LISTED RECORDS -
++++

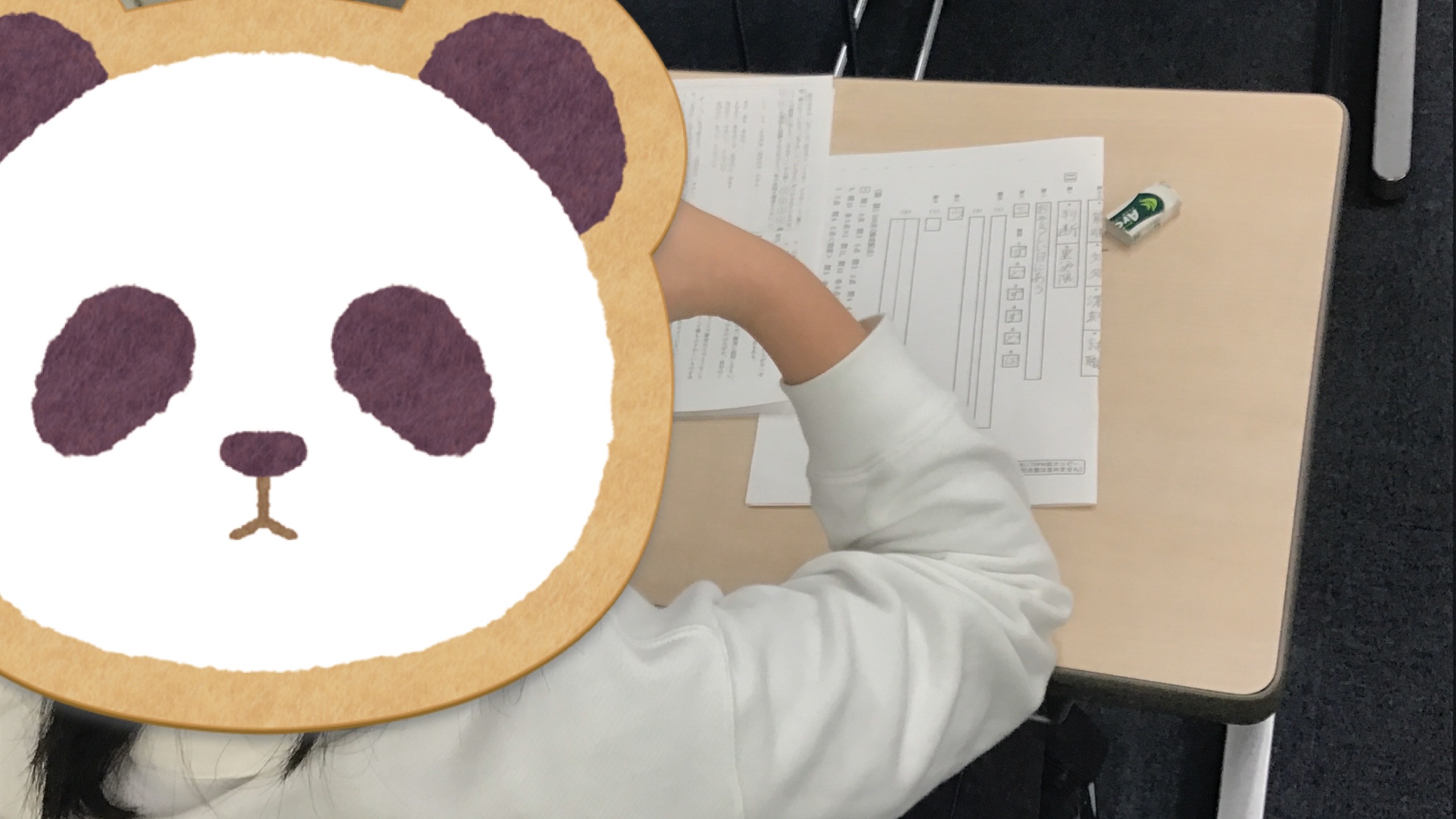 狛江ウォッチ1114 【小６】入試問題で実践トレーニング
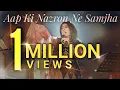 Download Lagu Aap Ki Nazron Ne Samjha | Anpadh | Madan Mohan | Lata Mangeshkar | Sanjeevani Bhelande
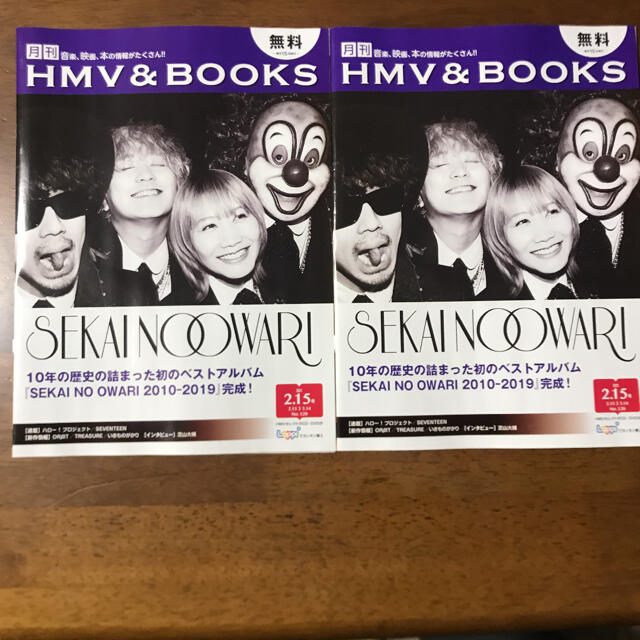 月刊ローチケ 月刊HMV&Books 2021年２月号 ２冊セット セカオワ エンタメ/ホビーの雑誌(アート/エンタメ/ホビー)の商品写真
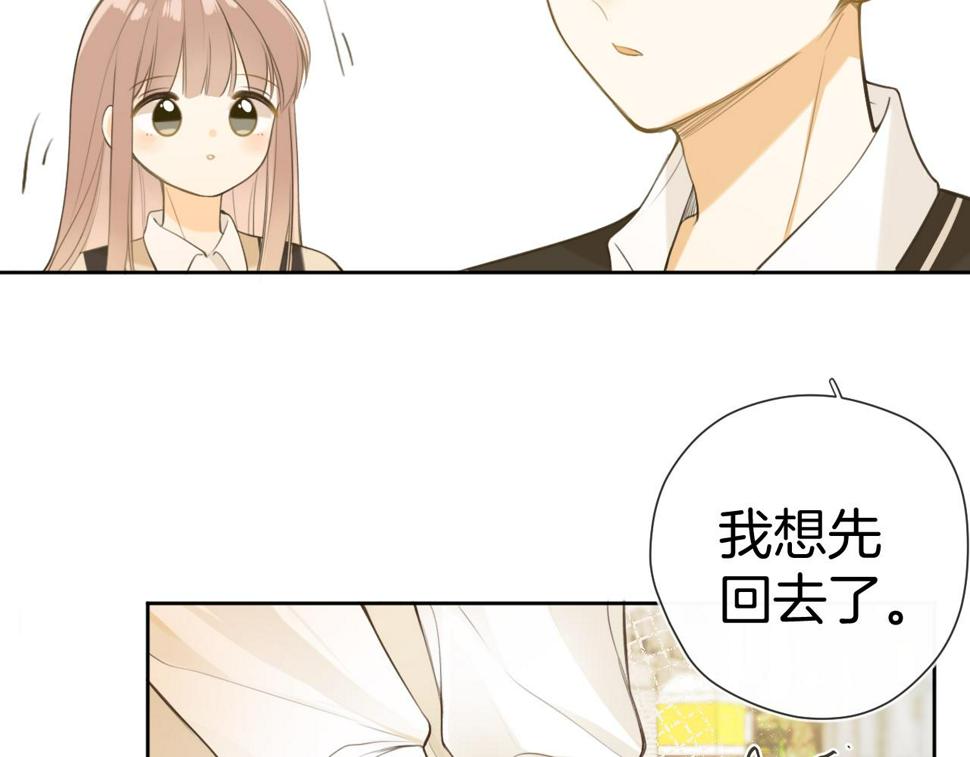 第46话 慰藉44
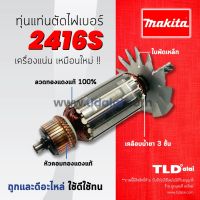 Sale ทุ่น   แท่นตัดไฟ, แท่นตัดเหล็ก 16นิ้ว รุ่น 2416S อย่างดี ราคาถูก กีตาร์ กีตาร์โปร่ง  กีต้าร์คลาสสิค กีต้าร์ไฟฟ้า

++++

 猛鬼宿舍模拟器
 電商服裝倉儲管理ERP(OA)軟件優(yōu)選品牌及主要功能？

++++

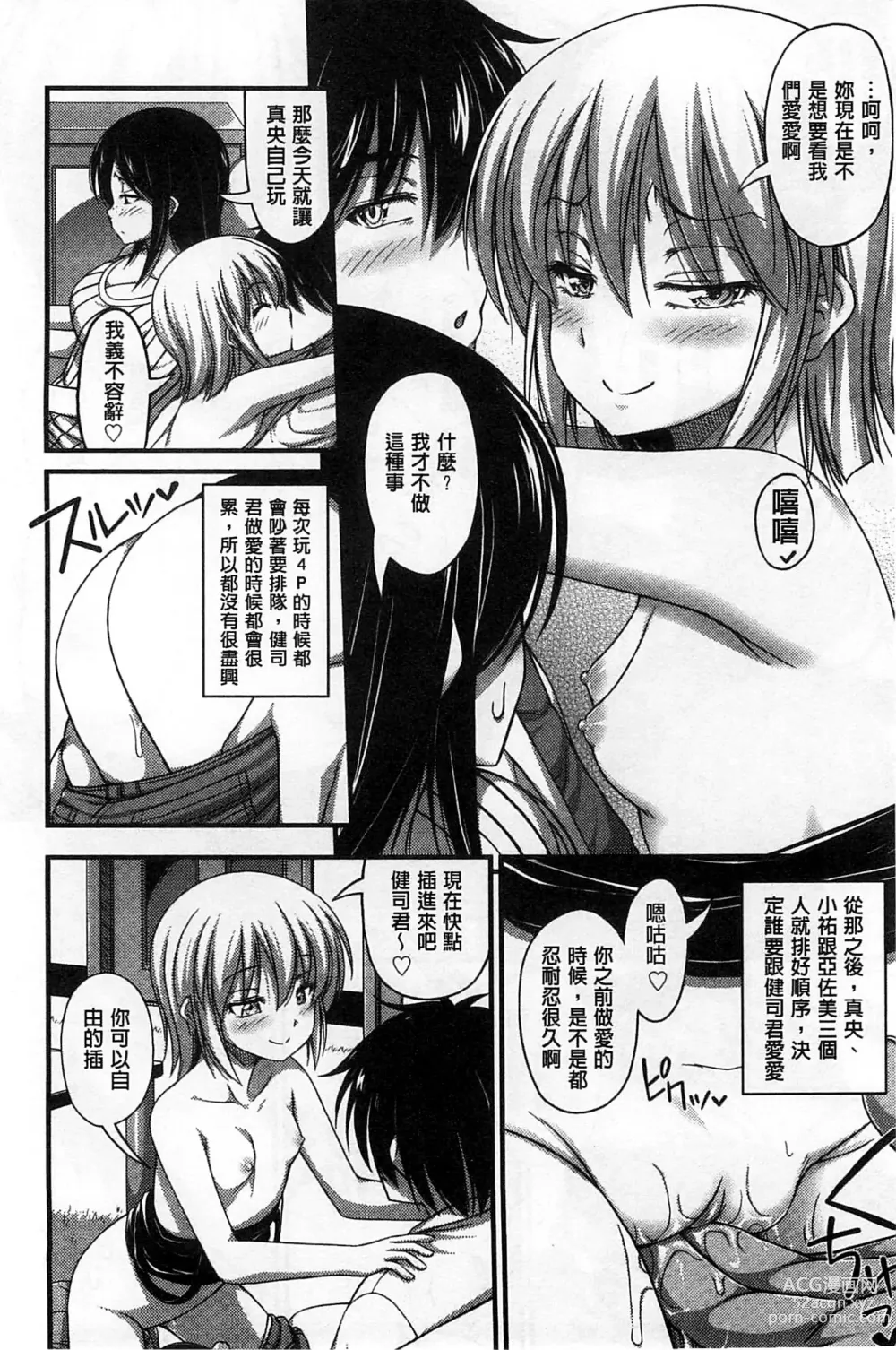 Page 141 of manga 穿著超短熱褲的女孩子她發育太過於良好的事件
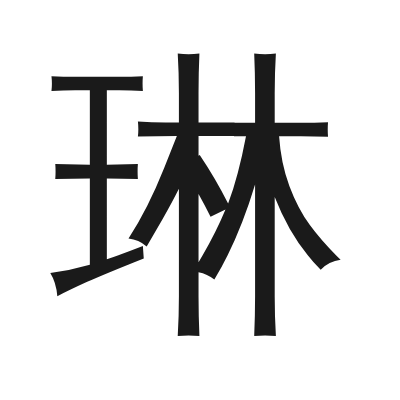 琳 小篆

++++

ABOUT THIS EXERCISE - In the records above, everything from the line with "月刊ローチケ 月刊HMV&Books 2021年２月号" down to the line with "แท่นตัดไฟ, แท่นตัดเหล็ก 16นิ้ว" is to be set down exactly, both ends included, with no pictures and no other lines.

ANSWER FOR THE TASK -
 月刊ローチケ 月刊HMV&Books 2021年２月号 ２冊セット セカオワ エンタメ/ホビーの雑誌(アート/エンタメ/ホビー)の商品写真
 第46话 慰藉44
 Sale ทุ่น   แท่นตัดไฟ, แท่นตัดเหล็ก 16นิ้ว รุ่น 2416S อย่างดี ราคาถูก กีตาร์ กีตาร์โปร่ง  กีต้าร์คลาสสิค กีต้าร์ไฟฟ้า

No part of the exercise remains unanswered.